The plaintiff moves for judgment on the pleadings pursuant to Rule 12(c) Rules of Civil Procedure, 28 U.S.C.A. and thereby raises a novel question under the Trading with the Enemy Act of 1917, as amended. 50 U.S.C.A.Appendix §§ 1-40, hereinafter referred to as the “Act”. In his complaint in a proceeding instituted under § 17 of the Act, the plaintiff alleges that the defendant became indebted to an enemy of the United States within the meaning of 50 U.S.C.A. Appendix, § 2 in the sum of Two Thousand Eight Hundred ($2,800) Dollars on February 13, 1942 and continued to be so indebted on February 11, 1953 when the plaintiff executed Vesting Order No. 19170 by virtue of which said alleged indebtedness vested in the plaintiff; that said order was made under the authority vested in the plaintiff by the Act and Executive Order No. 9095 (March 11, 1942) 7 F.R. 1971, as amended by Executive Order 9193 (July 6, 1942), 7 F.R. 5205,1 and Executive Order No. 9788 (Oct. 14, 1946), 11 F.R. 11981;2 that thereby the plaintiff acquired title to said debt of the defendant to said enemy and the defendant became indebted to the plaintiff therefor; that defendant has failed and refused to pay said debt. The defendant, in his answer, denies any knowledge or information as to the allegation in the complaint that the German company named in the complaint (hereinafter referred to as “Herborn”) has its principal place of business in Germany and that it is an enemy of the United States within the meaning of 50 U.S.C.AAppendix, § 2. He denies that he ever became indebted to Her-born; that the Vesting Order vested the alleged debt in the plaintiff and that by virtue of that order title to said debt is vested in the plaintiff and that defendant became indebted to the plaintiff.

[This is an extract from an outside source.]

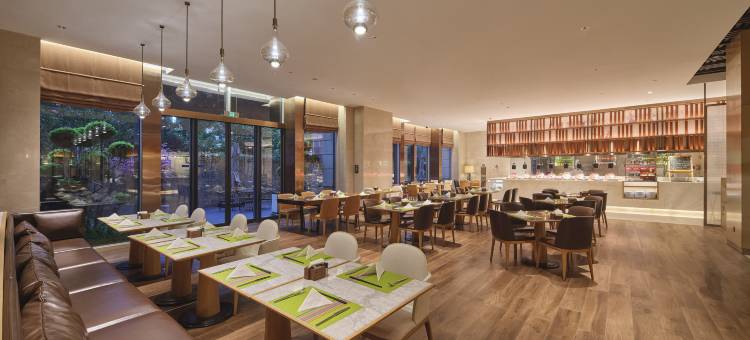 成都龙泉驿百悦希尔顿酒店图片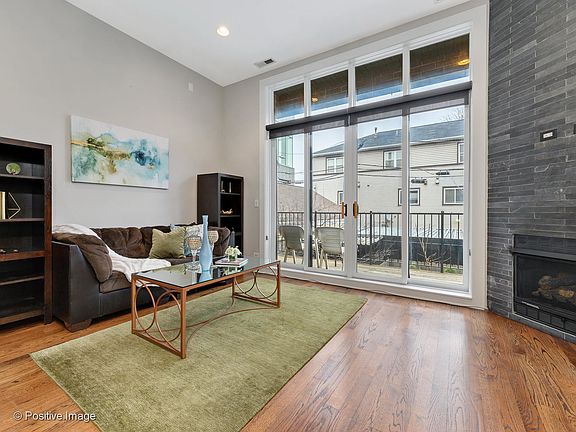 3rd image of 1543 N Bosworth Ave #2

The plaintiff contends that he is entitled to judgment against defendant despite the fact that defendant denies any indebtedness to Herborn and, consequently, to plaintiff; that the plaintiff had the right under the Act to make a de*456termination that defendant is indebted to Herborn and to make a determination that Herborn is an enemy; that plaintiff, having made these two determinations in and by the Vesting Order, his determinations are conclusive, whether right or wrong, and not subject to review by a trial of the issues raised in this action by the defendant’s answer; that these determinations having vested title in plaintiff, this action is not one to determine whether there is or is not an indebtedness by defendant to Herborn but, rather, one to recover possession of that which plaintiff has determined to be vested in him; that defendant’s only remedy is that afforded by section 9(a) of the Act, i. e. to file with the plaintiff a notice of claim to be processed as provided in the Act or to institute a suit in equity in the District Court of the United States for the district in which he resides to establish his interest, right, title or debt so claimed.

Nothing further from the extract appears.